**Try it:** The whole listing below is to be copied exactly, with every picture left out.

**Record set:**
==============================

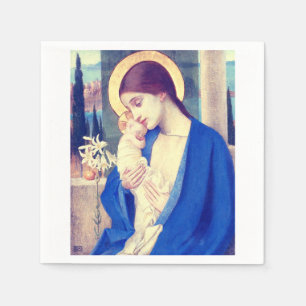 Servilleta De Papel Virgen María y Niño de Marianne Stokes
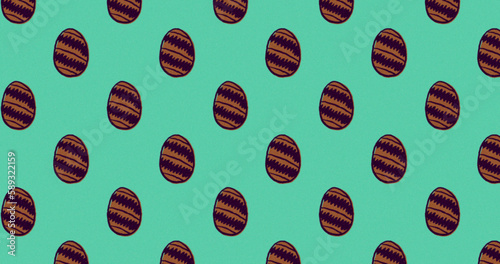 Image of multiple rows of patterned brown Easter eggs moving in formation in seamless loop on green 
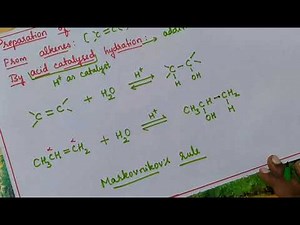 #Preparation of Alcohols from alkenes # Mechanism of Acid Catalysed Hydration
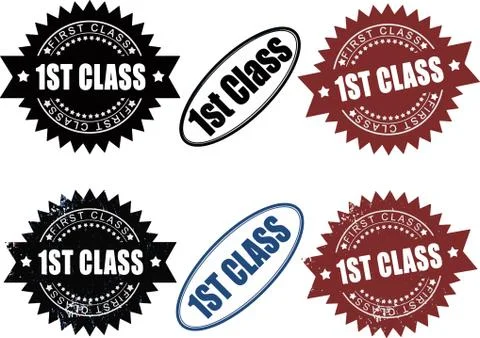 First 1st Class rubber stamps 库存插图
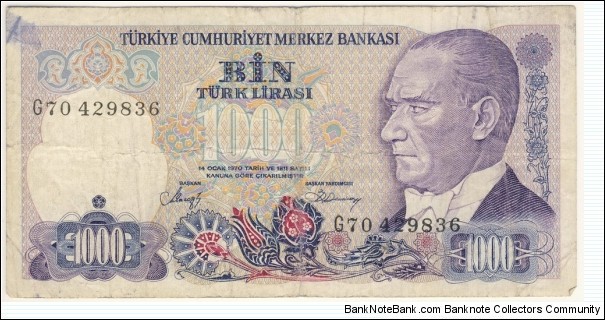 1000 Lira Banknote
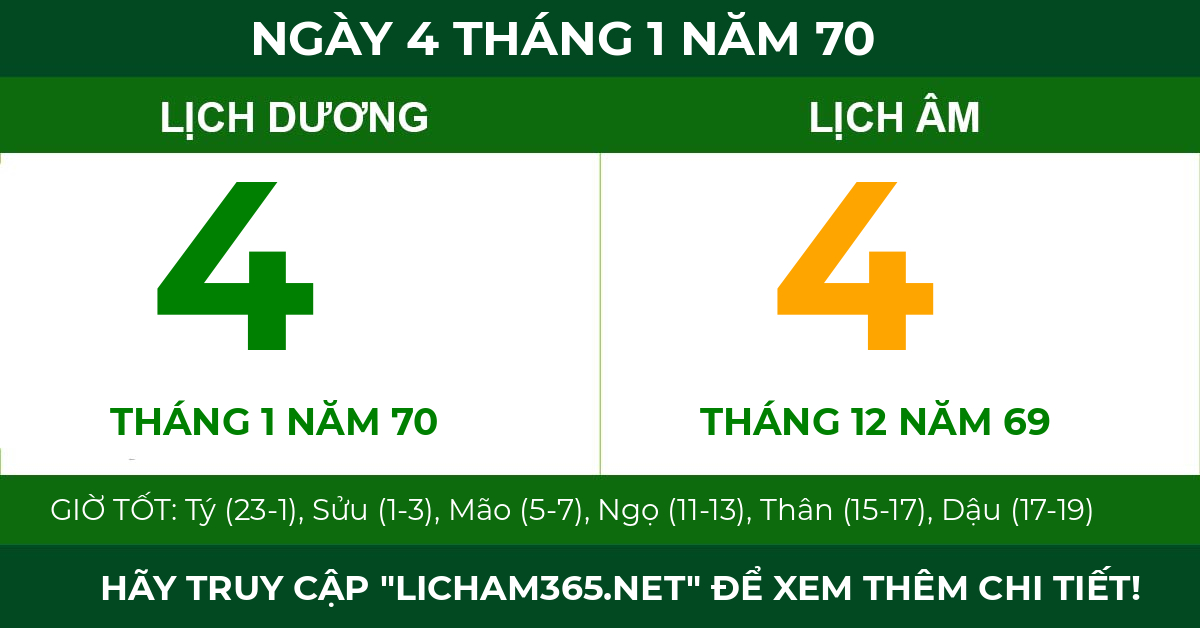lịch âm ngày 4 tháng 1 năm 70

==============================

**Result of the exercise:**
 Servilleta De Papel Virgen María y Niño de Marianne Stokes
 Image of multiple rows of patterned brown Easter eggs moving in formation in seamless loop on green 
 #Preparation of Alcohols from alkenes # Mechanism of Acid Catalysed Hydration
 First 1st Class rubber stamps 库存插图
 1000 Lira Banknote
lịch âm ngày 4 tháng 1 năm 70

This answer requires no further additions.